The relationship here is slightly stronger; almost as much as scatterplot 2, and a bit more cognate than scatterplot 1. Keeping your pull ratio between 40-45% holds you within reasonable BABIP expectations (for the most part), but allowing it to become more of a staple of your hitting is where you’re going to have bigger troubles.
Before we conclude the pull study aspect we’ll take a gander at table 2, the metrics for the hitters with at least 1000 PA facing a traditional shift. With this group, as with Table 1, presents no proof of a connection; some with higher averages pull the ball less and vice versa.
Looking at table 2, we have a ‘test subject’ in New York Mets first baseman Adrian Gonzalez. While he has the fewest appearances against the shift of the eligible examples, he has the lowest pull%, the highest average, and second-most wRC+. Whats more is Gonzalez also makes for a prime example of how xStats can be deceiving when using them to analyze a hitter with elevated tendencies to pull the ball.
Gonzalez is off to one of the worst starts of his career posting a slash line of .232/.321/.391. He’s also pulling the ball a lot more (44.6%) than he has since his second year of baseball (46.1%). His batted ball history hasn’t been skewed as badly as it is this year and, despite pulling less during the second half of his career, his productivity still declined.
To further elaborate, the two charts below show both his career batted ball heatmap ((top) and his current heatmap spray chart(bottom).
What makes him a good example is what xStats is telling us about him. His differential for batting average (BA-xBA) is -.059, slugging is -.163, and for Gonzalez’s wOBA is -.094. While these aren’t ludicrous disparities, it is also a little deceiving. Looking at what Gonzalez is doing in his (nearly) age 36 season, it’s hard to figure he should be hitting near .300 as he’s pulling so heavily through the first month of the season.
Here’s the interesting thing. Despite Gonzalez pulling nearly half of his batted balls, less than half of his plate appearances are facing a shift; 38 out of 81 plate appearances. So his xStats are relevant? Not exactly. What we don’t know is the on-base situation(s) that Gonzalez came to bat with. Runners on base cause defenses to all but abandon the shift on pull-hitters for a more strategical setup; you don’t want only one fielder to the right of second base with runners on as the likelihood of a successful steal to third is all but guaranteed.
xStats rely on an average defense; no shifts, no weighing defensive prowess at any particular position to make successful hits to that location less likely.
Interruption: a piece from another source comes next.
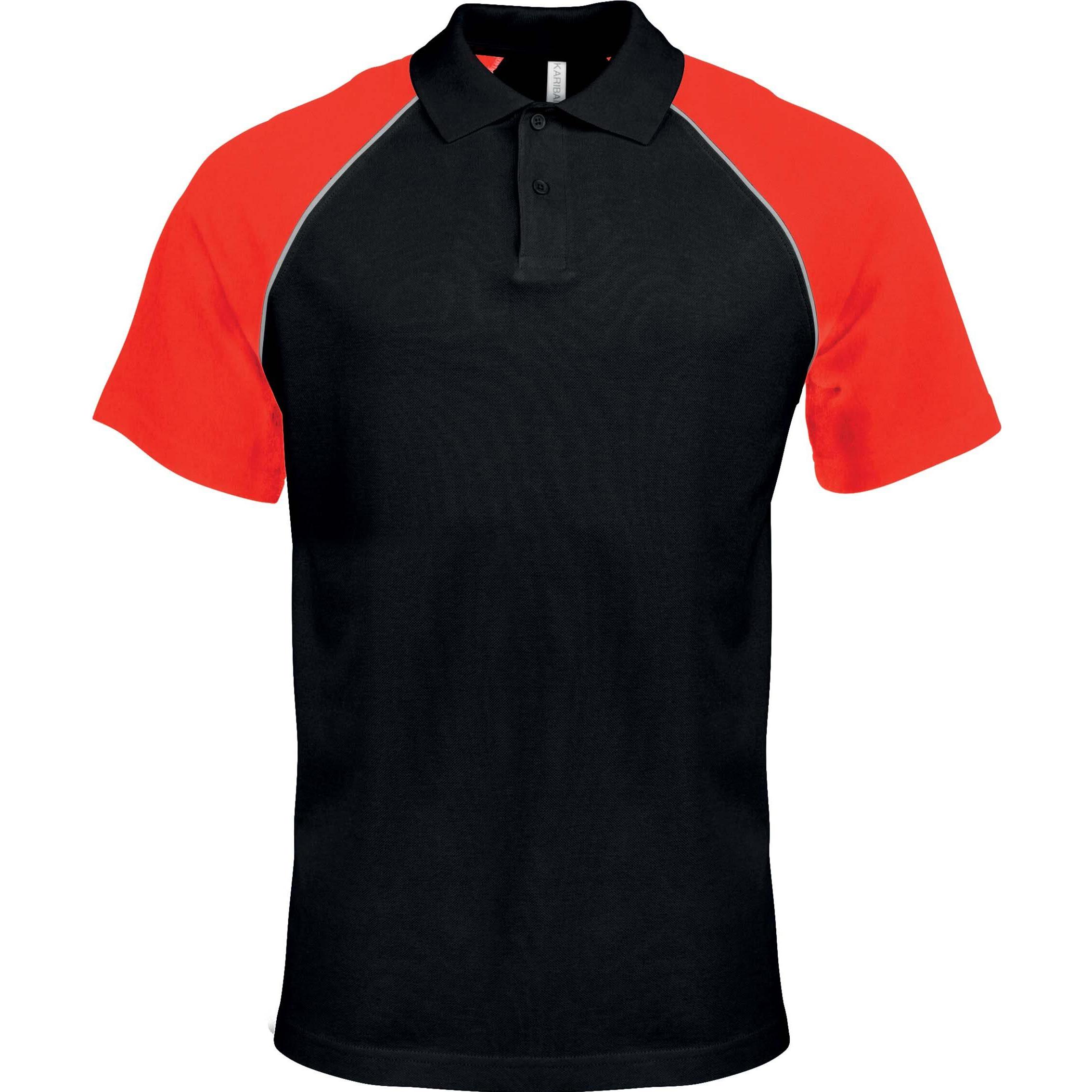 Kariban, Herren, Shirt, Baseball, Schwarz, Rot, (M)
You have to take care before you can project a hitter to be underperforming without first looking into the hitters batted ball data. Players with higher pull rates (40%+) are the exception to the ‘rule’ of xStats.
The simple plots you show of Avg and babip against pull% indicate quite a strong relationship. The R^2 of .22 indicates that in this data, 22% of the variance in babip is directly attributable to pull% (in the simple linear regression). That’s HUGE given that babip has a lot of intrinsic variability and other factors like hard hit% likely matter as well. The R^2 for Avg is also not small at all given the number of factors that likely relate to Avg. Looking at your plot, extreme pull hitters should expect to hit like 30 pts worse than average and 50+ pts worse than someone on the low end of pull percentage. I think you undersell the amount of impact there.
Also, when you subset the data, you have some issues with high leverage points in your regression. If your curious to look for changes in the relationship over different regions, a nonlinear regression like a local weighted smoother would be more informative.